Originally published Thursday, February 5, 2009 at 12:00 AM
Book review
T.C. Boyle's "The Women": a novel of the wives and lovers of Frank Lloyd Wright
T.C. Boyle's novel "The Women" chronicles the lives of four women in the life of the rule-breaking architect Frank Lloyd Wright. Boyle reads Feb. 18 at the University Village Barnes & Noble in Seattle.
Special to The Seattle Times
T.C. Boyle
The author of "The Women" will read at 7:30 p.m. Feb. 18 at the University Village Barnes & Noble, 2675 N.E. University Village Street, Seattle (206-517-4107)."The Women"
by T.C. Boyle
Viking, 464 pp., $27.95
T.C. Boyle is the perfect person to undertake an explication of architect Frank Lloyd Wright's life: he lives in the first of Wright's California houses, the George C. Stewart house in Santa Barbara, and he has already shown an affinity for larger-than-life characters by bringing readers cereal magnate John Harvey Kellogg (in "The Road to Wellville") and sex researcher Alfred Kinsey (in "The Inner Circle").
Boyle has his hands full with Wright, whose life (1867-1959) was lived out loud and in full-cap headlines. Although there were doubtless many women, the four chronicled here are: Kitty, his first young wife, faithful and loyal, mother of six children. Kitty was left behind when Wright met Mamah Cheney, his intellectual equal and likely the great love of his life. Her tragic end at Taliesin, the home he built for her, colored his next relationship with Miriam Noel, a drug-addicted, self-involved nutcase who accused him of preferring to grieve the dead Mamah instead of attending to the living — and heavy-breathing — Miriam.
Miriam caused Wright no end of trouble, trying to have him arrested for adultery, the Mann Act, moral turpitude and anything else she could get the papers to print. Journalists had a field day with the antics of Wright and his women in their "Love Bungalows" and "Sin Nests."
The last of the women was Olgivanna, a Montenegrin dancer and disciple of Gurdjieff, the Greek-Armenian mystic and spiritual teacher.
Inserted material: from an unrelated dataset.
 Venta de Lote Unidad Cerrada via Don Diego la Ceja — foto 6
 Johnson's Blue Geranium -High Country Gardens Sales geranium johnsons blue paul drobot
Gurdjieff's disciples were nothing if not narcissists. Olgivanna received the worst that Miriam could dish out because Miriam and Frank were still married when Olgivanna became pregnant with his child.
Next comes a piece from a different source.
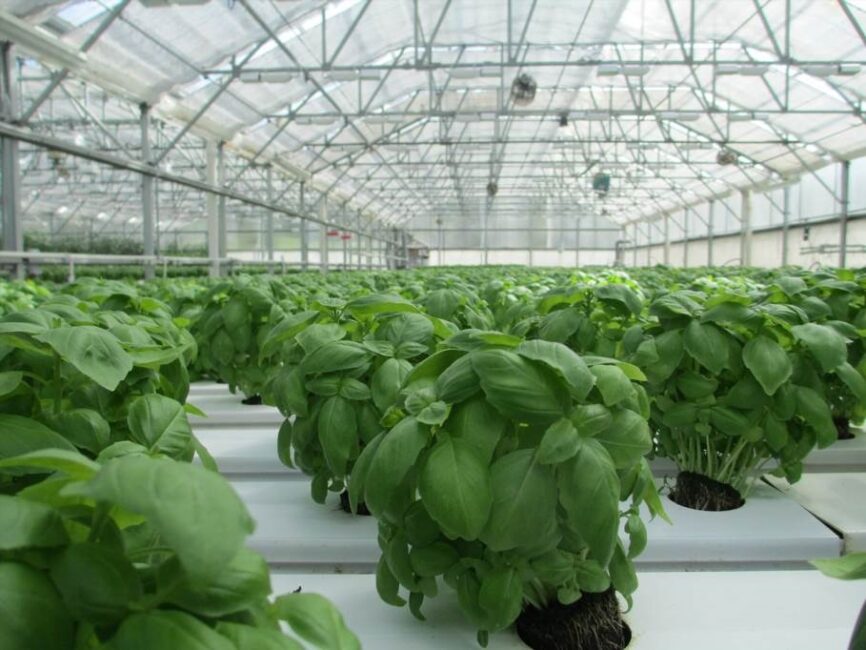 Jak unikać szkód zimowych na roślinach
There is no shortage of detail in Boyle's story, much of it repetitious and boring. Money borrowed and never repaid; shunning by "decent" people because of Wright's sexual peccadilloes; the resultant loss of commissions; fights with all the women and great makeup sex. All make for gossipy fun, but it's too much by half.
One cavil about style: there is a narrative device that is intrusive rather than illustrative. The novel purports to be written by a Japanese student of Wright's, Sato Tadashi, now grown older, and Sato's granddaughter's husband, Flaherty-san. This gives Boyle latitude to add endless footnotes, none of which contribute to the story except to overburden it with useless detail, such as Sato's fondness for "sweet bean dumplings ... resembling the glow of sunrise."
Although the novel is about "The Women," they exist only as acolytes surrounding the master. He treated his students and his women much the same, requiring them always to serve his genius, whatever it required. The only woman you would want to meet is Mamah, whose story was told by San Juan Islands novelist Nancy Horan in "Loving Frank." Mamah was a wife and mother when she left her life behind and ran away with Wright. Deeply conflicted, she nevertheless continued her intellectual pursuits and maintained contact with her children until she perished in the fire at Taliesin.
Frank Lloyd Wright believed himself to be a genius, and perhaps he was. He certainly changed forever the dimensions of American architecture. Because of this unshakable belief in himself, he thought that ordinary rules were not made for him, so why acknowledge them? Why stay within the bounds of a stale marriage when he has met his soul mate? Why wait for one liaison to be neatly finessed before beginning another?
His flamboyance, arrogance, charm, ebullience and lack of financial responsibility are all writ large in this story of his women and of course, himself.
Valerie Ryan owns the Cannon Beach Book Co. in Cannon Beach, Ore.